Peter Driessen hat bereits nachgerechnet: 120.000 bis 130.000 Euro wären für Bedburg-Hau mehr zu zahlen. Auch er ist dafür, erst den landespolitischen Vorgaben zu folgen. Ein weiteres drittes beitragsfreies Jahr würde der Gemeinde viel Geld kosten. „Sozialpolitisch ist das sicherlich wunderbar, aber es muss auch finanziert werden“, so Driessen. Er wird den Rat noch in den Ferien zu einer Sondersitzung einberufen, da auch Bauherren in zwei Baugebieten in Till-Moyland und Huisberden auf eine dringende Entscheidung des Rates warten.

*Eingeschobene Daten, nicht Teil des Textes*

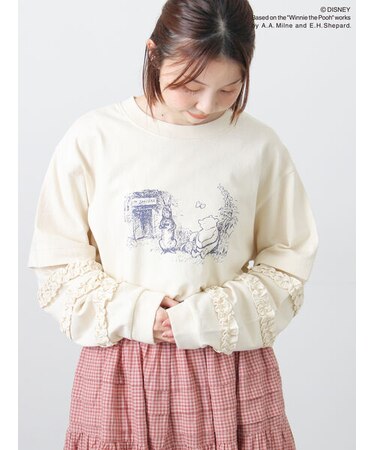 【Disney】くまのプーさん袖フリルロンT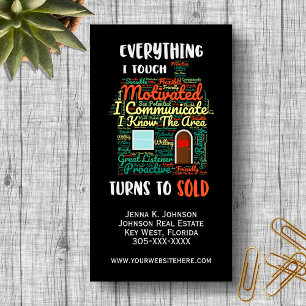 Alles wat ik aanraak, draait om de verkoop van onr magnetisch visitekaartje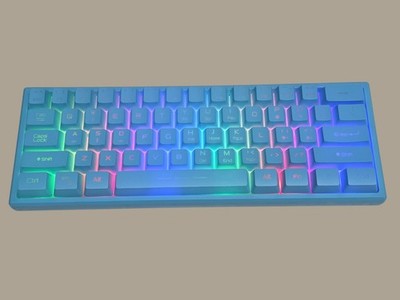   ️ ZIYOU LANG Kabelloses Gaming Tastatur- & Maus-Set | QWERTY | RGB | 2,4 GHz
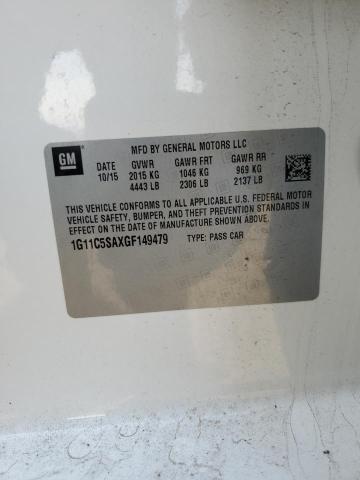 1G11C5SAXGF149479 - 2016 CHEVROLET MALIBU LIM LT 白色 照片 12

Kalkarer Bürgermeisterin fühlt sich überfahren

Britta Schulz, Bürgermeister in Kalkar.
Britta Schulz, Bürgermeister in Kalkar. © NRZ | AG

Die Kalkarer werden eine Stellungnahme schreiben, aber Bürgermeisterin Britta Schulz sagt, dass sie sich vom Kreis überfahren fühlt. In der Ferienzeit so eine Entscheidung herbeiführen zu wollen, die den Kommunen insgesamt knapp eine Million Euro kosten wird, sei nicht in Ordnung. Die Kalkarer Politik könne im Vorfeld nicht darüber reden. Am 16. September soll der Jugendhilfeausschuss des Kreises darüber beraten. Formell benötigt die Kreisverwaltung keine Zustimmung der Kommunen, es reicht ein Beschluss des Kreistages.

Aktuell gibt es 2496 Kinder, die beitragspflichtig sind. Künftig wären es dann nur noch 920 Kinder.